バイナンスのCEOは、仮想通貨はステーブルコインから離れると予測

BinanceのCEOがステーブルコインを予測

Binanceのジャオ・チャンポン(趙 長鵬:Zhao Changpeng)CEO(最高経営責任者)によると、仮想通貨業界は近いうちに、どこにでもあるようなドル担保のステーブルコイン時代から、アルゴリズムで他の資産に担保されたステーブルコインに進化すると予想していることが分かった。

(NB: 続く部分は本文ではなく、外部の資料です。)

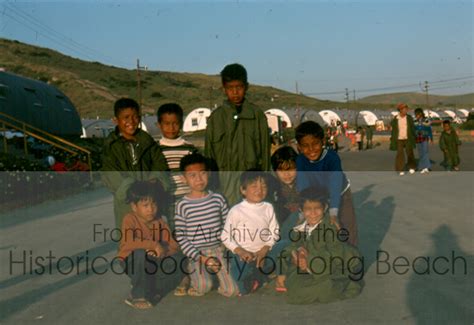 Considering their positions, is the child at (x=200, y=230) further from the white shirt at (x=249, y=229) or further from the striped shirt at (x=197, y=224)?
the white shirt at (x=249, y=229)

Binanceのような大手仮想通貨取引所を含め、仮想通貨業界は過去数年にわたり規制当局に目をつけられているが、最も狙われているのはステーブルコインとのこと。実際、BinanceブランドのステーブルコインであるバイナンスUSドル(BinanceUSD/BUSD)の発行元であるパクソス(Paxos)と、SEC(米国証券取引委員会)間の問題を受けて、投資家は資金の投資先として、裏付けのあるステーブルコインが求められているという側面があり、同CEOはステーブルコインについてTwitter Spaceで次のように述べている。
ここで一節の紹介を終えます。